まるで家のカレーをほうふつとさせる絵姿ですが、一口食べると「ああうまいな~」と思わずとため息が漏れます。
具の野菜の歯ごたえが生きていて、軽やかなうま味。何かが突出しているわけではないですが、すべてのバランスが取れています。ここはラーメンもおいしいので、恐らくそのスープで作っているのではないかと考えられます。
とにかく一週間ぶっ通しでも食べ続けることができる、そんな味わいです。食後にコーヒーとデザートのサービスもありがたいです。

続いては「珉珉」(港区赤坂)。昼夜問わず、いつも満席の人気店です。
名物はギョーザとニンニクたっぷりの「ドラゴンチャーハン」ですが、もうひとつの名物が「ナスカレー丼」です。
下味を付けた鶏のささみとナスをサッと油通ししたあと、スープ、カレー粉、ミルクなどで味付けし、片栗でとろみを付けています。ナスは滑らかな歯触りで、鶏肉はシットリ・サッパリとしながら奥深いうま味。病みつきのおいしさです。
芸能人御用達の店も
「香妃園」(同区六本木)は、芸能人もよく利用する中国料理屋です。
ここは、「加哩肉飯」という中華風のカレーが名物。具は肉と玉ねぎ、余計な小細工がされていない絵姿で、一口味わうとその柔らかなおいしさにウットリさせられます。カレーの風味、うま味、トロミ加減がドンピシャで、余計な小細工がされていない潔い味わいです。

そのほかにも、江戸川橋の「キッチンタロー」(新宿区西五軒町)は安心のおいしさ。外苑前の立ち食いそば「信越そば」(港区北青山。
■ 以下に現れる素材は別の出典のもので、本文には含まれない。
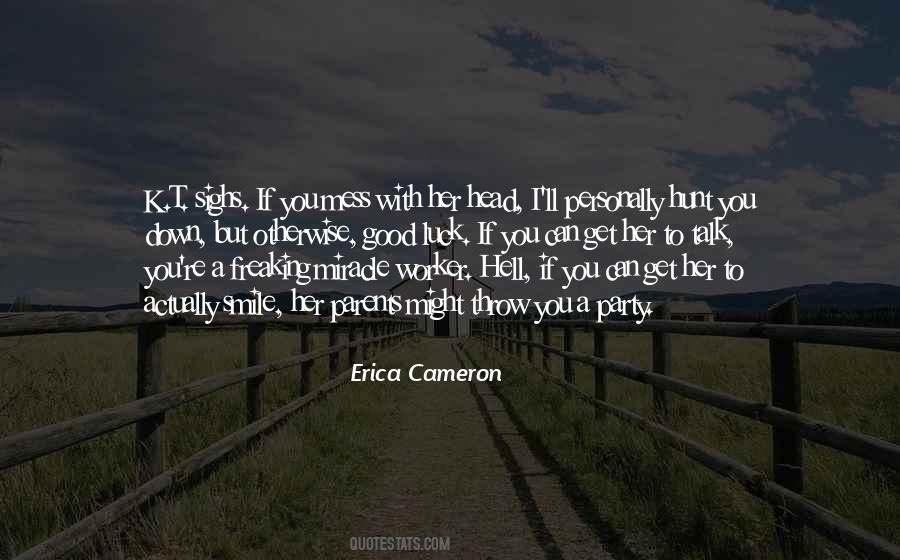 K T Dowling Quotes #1792902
閉業)のカレー丼も実に美味でした。
黄色いカレーは全国にもちらほらあり、特に沖縄には黄色いカレーが数多く見かけられます。「ハイウェイ食堂」(那覇市)や「みどりや食堂」(宜野湾市)などなど。
また、マニアの注目を集めているのが新潟県のバスセンターにある「名物万代そば」(新潟市)のカレー。生卵を落として食べると実に美味です。
かつて日本のいたるところにあった黄色いカレーですが、いまは風前のともしびです。
若い世代の人たちで、この黄色いカレーの「何気ないおいしさ」に気づく人たちが出てくるかもしれません。そして、黄色いカレー専門店をオープンさせたら面白いですね。